Protect the Partrick Wetlands
Acting on the advice of the town attorney, the board delayed a decision on the request for sewers at the site.
The disclosure by Larry Weisman, the attorney for ARS Partners, the firm that wants to build houses near Exit 41 of the Merritt Parkway, is the most recent annoyance for the neighbors in the Newtown Turnpike and Partrick Road area who have been fighting against the project for more than a year.
"It's all done, the sleeve is in, the hole has been dug," said Weisman, who also pointed out that the cost will be totally paid for by the applicant and bonds will be posted.
Weisman also claimed that the town's regulations require a sewer and not a septic system at the site. Opponents claim that a septic system as well as a sewer would harm the ecology at the Rich property.
Matthew Mandell, a leader of the group against ARS approval, said: "This proves ARS can't be trusted. ARS has to be watched very carefully. They were drilling without permission. ARS seems to do things on its own."
Weisman and others claimed that Mandell's remark was typical of the misinformation disseminated by opponents of the project.
If the board doesn't approve the sewers, Weisman said he would prefer to see the property sold to the town. When Farrell asked about a septic system, the attorney said if you do that you've bought the site.
Peter Romano, engineer for the project, said a septic tank system could be placed on the property, but it would create a greater environmental risk.
If approved, the sewer would be private at the site, which also is known as The Reserve at Poplar Plains. The sewer line would flow from the Westport site to Norwalk, where the city's sewer treatment plant has the capacity to handle the discharges. Norwalk residences in the area also could plug into the line.
The acrimonious battle between ARS Partners and residents of the area near the F.D. Rich property where the developer wants to build reached the Board of Selectmen Wednesday because it is required under the Town Charter, acting as the Water Pollution Control Authority, to rule on a request for a permit for a sanitary sewer.
The hearing lasted for about 90 minutes and resembled the confrontations of cats that hiss at each other slashing and quarreling but never actually fighting.

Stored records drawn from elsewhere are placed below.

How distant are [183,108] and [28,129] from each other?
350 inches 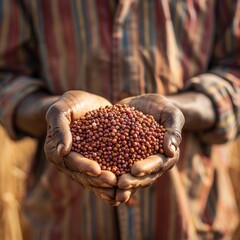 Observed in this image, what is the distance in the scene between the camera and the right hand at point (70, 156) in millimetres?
1107

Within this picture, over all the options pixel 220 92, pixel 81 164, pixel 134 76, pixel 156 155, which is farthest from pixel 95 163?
pixel 220 92

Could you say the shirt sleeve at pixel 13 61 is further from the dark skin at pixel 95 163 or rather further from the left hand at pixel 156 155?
the left hand at pixel 156 155

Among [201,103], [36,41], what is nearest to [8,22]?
[36,41]

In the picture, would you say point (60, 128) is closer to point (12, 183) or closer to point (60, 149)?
point (60, 149)

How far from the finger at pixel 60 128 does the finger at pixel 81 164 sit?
0.02 meters

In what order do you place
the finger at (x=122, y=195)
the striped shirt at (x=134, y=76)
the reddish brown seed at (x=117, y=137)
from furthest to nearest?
the striped shirt at (x=134, y=76)
the reddish brown seed at (x=117, y=137)
the finger at (x=122, y=195)

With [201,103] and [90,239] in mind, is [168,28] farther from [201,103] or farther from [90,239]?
[90,239]

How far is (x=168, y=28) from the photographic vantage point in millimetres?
1490

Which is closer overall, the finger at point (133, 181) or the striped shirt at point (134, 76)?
the finger at point (133, 181)

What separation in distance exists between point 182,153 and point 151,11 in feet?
1.18

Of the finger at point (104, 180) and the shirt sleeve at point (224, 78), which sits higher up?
the finger at point (104, 180)


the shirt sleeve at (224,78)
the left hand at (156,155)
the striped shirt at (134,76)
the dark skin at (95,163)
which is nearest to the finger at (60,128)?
the dark skin at (95,163)

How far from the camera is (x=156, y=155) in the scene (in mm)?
1180

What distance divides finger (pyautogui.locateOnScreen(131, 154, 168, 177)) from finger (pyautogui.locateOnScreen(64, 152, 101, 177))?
7 cm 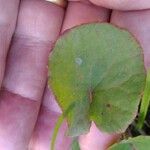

Both sides got upset when there were interruptions and several times First Selectwoman Diane Goss Farrell had to ask for order. However, both groups continued to interrupt each other when they were talking to Farrell, and selectmen Carl Leaman and John Izzo.
Town Attorney Ira Bloom advised the board not to vote on the request because two intervenor briefs had been received prior to the meeting. Both briefs cited environmental concerns if the project of 24 or 25 houses becomes a reality.
Acting upon his advice, Farrell and Leaman decided to keep the hearing open until a later date.
Izzo, a Republican, said after the meeting that he preferred voting instead of delaying a decision. He said he already had decided against the ARS development because of environmental concerns. In addition, a usually reliable source said Izzo had offered to talk with some of the opponents of the project.
The sewer approval by the selectmen is needed in order for the Planning and Zoning Commission to review the proposed project.
In the past, during sessions with the Conservation Commission, opponents of ARS questioned the town's liability if the project is approved and also asked who would own the sewer once the project was completed.
The issue arose again Wednesday and when Weisman said that it would be in the deed and owned by a home owners association, critics claimed that the town could end up paying if there is a sewer problem.
The tensions mounted during the part of the meeting in which residents near the site voiced their objections.
"My only goal is to protect wetlands," said Mandell of Partrick Road. He also said that he saw no benefit to the project other than the fact that Norwalk would take the project's waste water. "If this is approved it will be a detriment and a disaster," he said. "There is no benefit to Westport on its citizens." Mandell also claimed that regulations don't deal with private sewers.
Adam Stolpen, of Spring Hill Road, reminded the board that its decision isn't made in a vacuum and that the environmental impact has to be considered.
Wilton Road resident Chet Harlow cautioned that the selectmen shouldn't assume that it is a done deal. He noted the Conservation Commission decision is being challenged in court and the Planning and Zoning Commission still has to review the project. "Any decision would seem premature and ill-advised," he said.
The last part of the meeting was less acrimonious, and most of it dealt with technical questions by Farrell and Leaman, such as deed restrictions, escrow accounts, the drilling by ARS and a comparison of sewers and septic systems.
The board is scheduled to meet on Jan. 22 at which time the main topic will be speed humps. A date for the continued hearing on the sewers wasn't decided upon.